To the credit of "Batman: Soul of the Dragon," the action is superb. Crafting animation is already difficult enough, but to draw characters racing through martial arts combat had to be a herculean task. And the artists at Warner Bros. Animation did a hell of a job. Every dodge is fluid, every punch powerful, every sword slice zings through the air. The teamwork of Bruce and his allies, combined with the nearly nonstop action (they had a lot to cram in 70 minutes) make for a lively and enjoyable film.
What really helps to enhance its mood is Joachim Horsley's score. The soundtrack provides an ocean of funk for every fight scene.
The movie's villain isn't much to write home about, just a generic terrorist/cult leader. I wonder how you could make the leader of a snake cult dull, but somehow the writers achieved that. Maybe that 70-minute constraint played a part, especially when Bruce had three other teammates.
The other complaint I have with this movie is the ending. It's very ... bizarre. I won't spoil it for you, but it's hard to understand what writer Jeremy Adams was going for. I can't really call it a cliffhanger because I doubt this film will get a sequel. It just left things strangely unresolved and generated more questions than it answered.

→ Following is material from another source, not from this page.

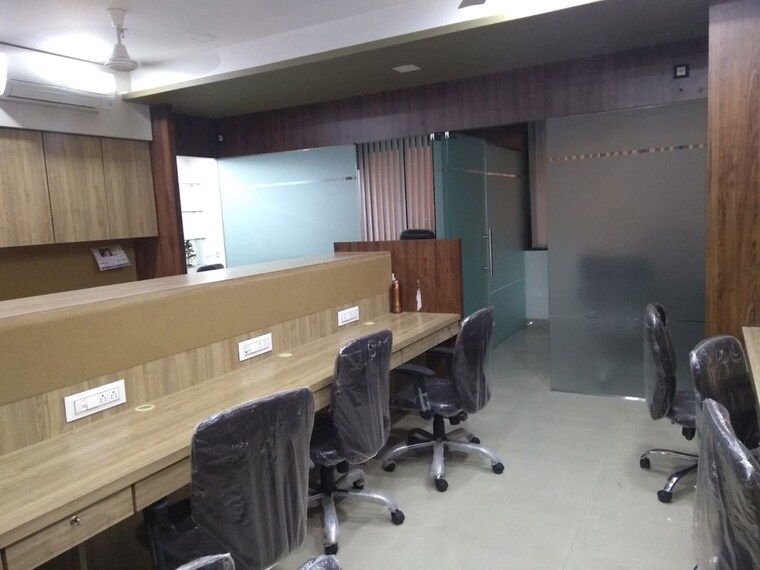 Team Area, gajra-g-square-business-park Commercial Office Space 1098 Sq.Ft. In Vashi Sector 30a Navi Mumbai 10679382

With a plot so simple (again, by comic book movie standards), this story should have been a piece of cake to wrap up. Instead, Adams decided to, I don't know, attempt to subvert expectations without a thought for what the ending does to the movie's continuity. And speaking of continuity, where was Alfred in this film?
I get that they wanted an original story, but "Batman: Soul of the Dragon" puts Bruce Wayne in charge of a nightclub and leaves out his only living family member. You can't have Batman without Alfred.
None of the issues I raised is fatal, but they do keep it from being a perfect entry in the Batman universe. I'd like to see more original stories and experiments in theme for DC's animated future.
"Batman: Soul of the Dragon" is available now on digital services, or you can pick up the DVD on Tuesday.